[PROVIDED INFORMATION]

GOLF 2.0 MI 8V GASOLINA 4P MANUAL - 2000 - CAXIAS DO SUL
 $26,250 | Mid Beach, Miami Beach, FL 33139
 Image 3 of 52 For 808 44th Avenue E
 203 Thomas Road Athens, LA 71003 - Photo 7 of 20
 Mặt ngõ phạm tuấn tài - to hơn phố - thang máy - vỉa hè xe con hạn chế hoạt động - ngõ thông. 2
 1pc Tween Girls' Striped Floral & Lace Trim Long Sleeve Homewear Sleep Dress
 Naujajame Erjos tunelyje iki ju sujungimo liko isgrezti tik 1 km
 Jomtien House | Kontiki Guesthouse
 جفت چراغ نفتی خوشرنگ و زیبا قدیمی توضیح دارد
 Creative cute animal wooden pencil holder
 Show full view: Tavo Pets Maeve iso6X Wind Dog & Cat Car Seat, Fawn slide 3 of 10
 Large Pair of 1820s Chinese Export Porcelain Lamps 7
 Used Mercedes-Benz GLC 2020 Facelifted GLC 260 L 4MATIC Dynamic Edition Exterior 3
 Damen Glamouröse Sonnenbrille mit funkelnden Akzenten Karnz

[/PROVIDED INFORMATION]

• **DESCRIPTION OF THE TASK**
Restate the line containing "Jomtien House | Kontiki Guesthouse" and every remaining line of the records word for word. Add nothing.

• **RESULT BELOW**
 Jomtien House | Kontiki Guesthouse
 جفت چراغ نفتی خوشرنگ و زیبا قدیمی توضیح دارد
 Creative cute animal wooden pencil holder
 Show full view: Tavo Pets Maeve iso6X Wind Dog & Cat Car Seat, Fawn slide 3 of 10
 Large Pair of 1820s Chinese Export Porcelain Lamps 7
 Used Mercedes-Benz GLC 2020 Facelifted GLC 260 L 4MATIC Dynamic Edition Exterior 3
 Damen Glamouröse Sonnenbrille mit funkelnden Akzenten Karnz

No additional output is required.